¿Se puede fundar la historia hilvanando retazos bordados, diferentes tramas, puntadas y colores?¿Se puede encontrar en lo heterogéneo la línea del hilo que sostiene las piezas diferentes, las que vienen de manos lejanas y diversas? ¿Es posible encontrar la voz que las sostenga?

Como el amplio compendio de fragmentos de tela bordados por las almas anónimas, las que fundaron un sostén de la memoria en el paño que se exhibe a la mirada de los espectadores, así la voz de quien cuenta se hace cordón de ligazón entre los textos que varían en trama y color, y construye la narración desde la diversidad. Uniendo fragmentos que van de lo verídico del lenguaje periodístico hacia la ficción ancestral de La Odisea, la narradora le pone el cuerpo a una historia que recorre el tiempo a su gusto. A su necesidad. Al ritmo moroso de sus pies descalzos.

Con texto y dirección compartidas por Marcelo Marán y Cecilia Dángelo, Penélope es una de las caras de esa voz, y es la mujer que cuestiona los hechos que se han hecho dignos se ser contados. Porque la memoria histórica ha cantado las hazañas del héroe y no la templanza de la reina. Ha narrado la desventura del navegante, y no el destino amarrado de Circe ni el de Calipso.
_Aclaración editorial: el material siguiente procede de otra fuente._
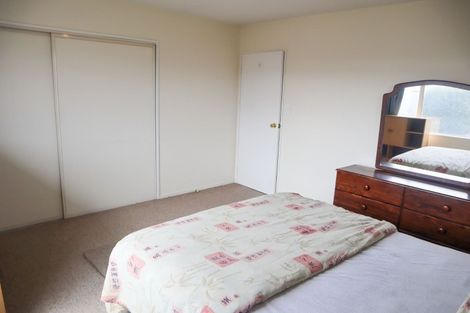 Photo of property in 260a Blenheim Road, Upper Riccarton, Christchurch, 8041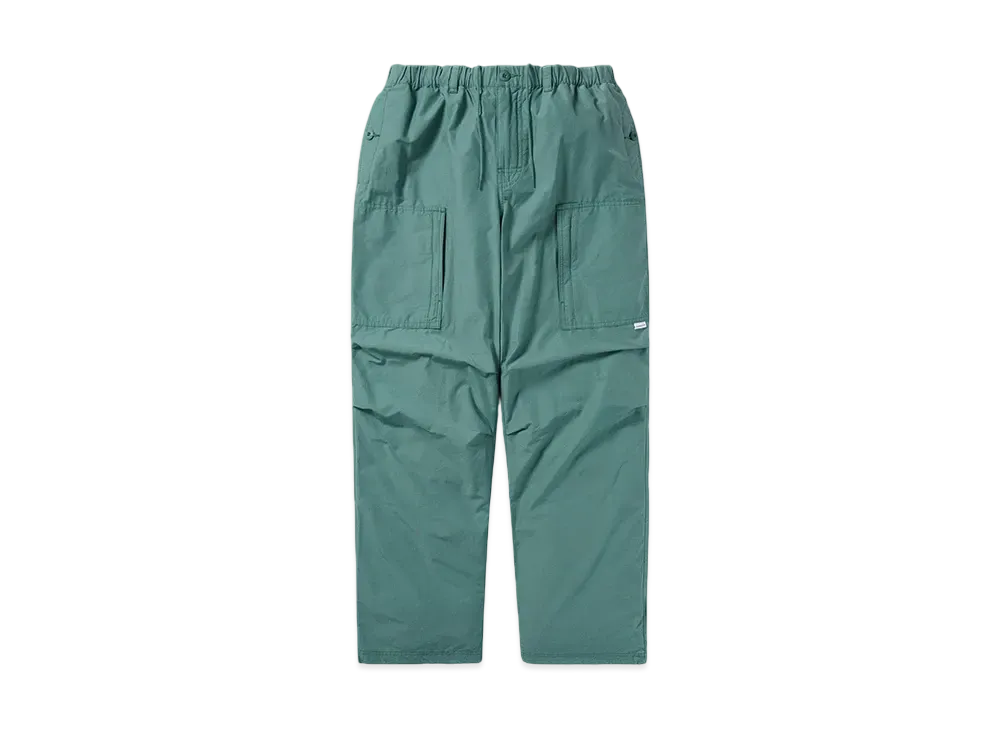 thisisneverthat Flight Pant "Sage"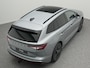 Skoda Enyaq 85X RS | Trekhaak | Panoramadak | Led Matrix | Achteruitrijcamera | Adaptieve cruise control | Elektrische achterklep | Stoel -& stuurwielverwarming | Upgrade Plus pakket Maxx | Warmtepomp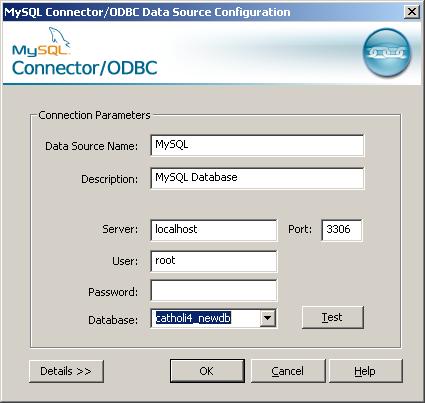 [migrate_mysql_mssql2k5_dns_3.JPG]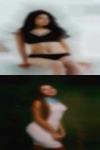 Free independent pussy amateur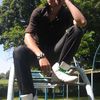  ,   Valentin, 31 ,   ,   , c 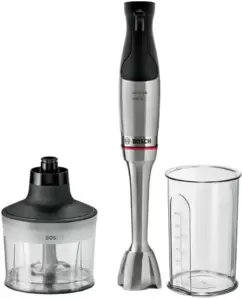 Блендер Bosch MSM6M830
La voz de la valentía es siempre masculina, y las mujeres de La Odisea son obligadas a hablar de hombres.

La puesta en escena de “Penélope en viaje” es sutil y mesurada, como lo es la actuación de Carina Zelaschi: hay un único trasto escénico que alcanza para mostrar la economía del arte y la efectividad de los recursos. Pero la voz de la mujer es la que hace la diferencia.

Ella es la que narra y acuna. Ella, la que conoce las destrezas del relato oral y se vuelve rapsoda de la antigua Grecia, preguntándole al público qué es lo que merece ser contado. Una mujer sola con la voz y con el cuerpo, para contar otra historia “como nadie sabe”, repite como un mantra. Una Penélope que despliega las velas porque se ha cansado de tanta palabra ajena. E inicia el viaje.